WORK INSTRUCTIONS
Give the entries again, precisely as they were written.

RECORDS FOR PROCESSING
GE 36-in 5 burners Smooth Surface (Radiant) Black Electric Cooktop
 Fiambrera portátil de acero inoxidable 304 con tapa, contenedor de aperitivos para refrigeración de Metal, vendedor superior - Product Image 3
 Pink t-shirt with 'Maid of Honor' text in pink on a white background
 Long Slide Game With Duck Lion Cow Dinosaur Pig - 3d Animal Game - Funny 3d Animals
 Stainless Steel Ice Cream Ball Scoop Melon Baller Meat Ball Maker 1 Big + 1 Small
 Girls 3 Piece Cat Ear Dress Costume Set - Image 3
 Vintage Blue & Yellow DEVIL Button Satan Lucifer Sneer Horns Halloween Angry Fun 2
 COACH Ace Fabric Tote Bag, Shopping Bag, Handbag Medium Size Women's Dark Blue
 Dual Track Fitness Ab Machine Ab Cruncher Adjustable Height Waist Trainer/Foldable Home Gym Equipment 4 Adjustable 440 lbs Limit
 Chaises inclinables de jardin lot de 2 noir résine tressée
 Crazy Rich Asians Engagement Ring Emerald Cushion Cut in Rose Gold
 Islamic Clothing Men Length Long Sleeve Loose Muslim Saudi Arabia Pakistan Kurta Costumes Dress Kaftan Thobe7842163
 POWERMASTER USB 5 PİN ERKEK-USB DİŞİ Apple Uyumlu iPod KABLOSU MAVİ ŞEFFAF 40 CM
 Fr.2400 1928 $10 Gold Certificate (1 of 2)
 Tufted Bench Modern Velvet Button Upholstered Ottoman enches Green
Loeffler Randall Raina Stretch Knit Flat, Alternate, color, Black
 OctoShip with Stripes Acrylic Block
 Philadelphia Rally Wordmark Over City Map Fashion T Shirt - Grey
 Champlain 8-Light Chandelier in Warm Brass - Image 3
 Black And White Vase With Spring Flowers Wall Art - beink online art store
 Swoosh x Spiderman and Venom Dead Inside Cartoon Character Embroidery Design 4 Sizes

TASK RESULT
GE 36-in 5 burners Smooth Surface (Radiant) Black Electric Cooktop
 Fiambrera portátil de acero inoxidable 304 con tapa, contenedor de aperitivos para refrigeración de Metal, vendedor superior - Product Image 3
 Pink t-shirt with 'Maid of Honor' text in pink on a white background
 Long Slide Game With Duck Lion Cow Dinosaur Pig - 3d Animal Game - Funny 3d Animals
 Stainless Steel Ice Cream Ball Scoop Melon Baller Meat Ball Maker 1 Big + 1 Small
 Girls 3 Piece Cat Ear Dress Costume Set - Image 3
 Vintage Blue & Yellow DEVIL Button Satan Lucifer Sneer Horns Halloween Angry Fun 2
 COACH Ace Fabric Tote Bag, Shopping Bag, Handbag Medium Size Women's Dark Blue
 Dual Track Fitness Ab Machine Ab Cruncher Adjustable Height Waist Trainer/Foldable Home Gym Equipment 4 Adjustable 440 lbs Limit
 Chaises inclinables de jardin lot de 2 noir résine tressée
 Crazy Rich Asians Engagement Ring Emerald Cushion Cut in Rose Gold
 Islamic Clothing Men Length Long Sleeve Loose Muslim Saudi Arabia Pakistan Kurta Costumes Dress Kaftan Thobe7842163
 POWERMASTER USB 5 PİN ERKEK-USB DİŞİ Apple Uyumlu iPod KABLOSU MAVİ ŞEFFAF 40 CM
 Fr.2400 1928 $10 Gold Certificate (1 of 2)
 Tufted Bench Modern Velvet Button Upholstered Ottoman enches Green
Loeffler Randall Raina Stretch Knit Flat, Alternate, color, Black
 OctoShip with Stripes Acrylic Block
 Philadelphia Rally Wordmark Over City Map Fashion T Shirt - Grey
 Champlain 8-Light Chandelier in Warm Brass - Image 3
 Black And White Vase With Spring Flowers Wall Art - beink online art store
 Swoosh x Spiderman and Venom Dead Inside Cartoon Character Embroidery Design 4 Sizes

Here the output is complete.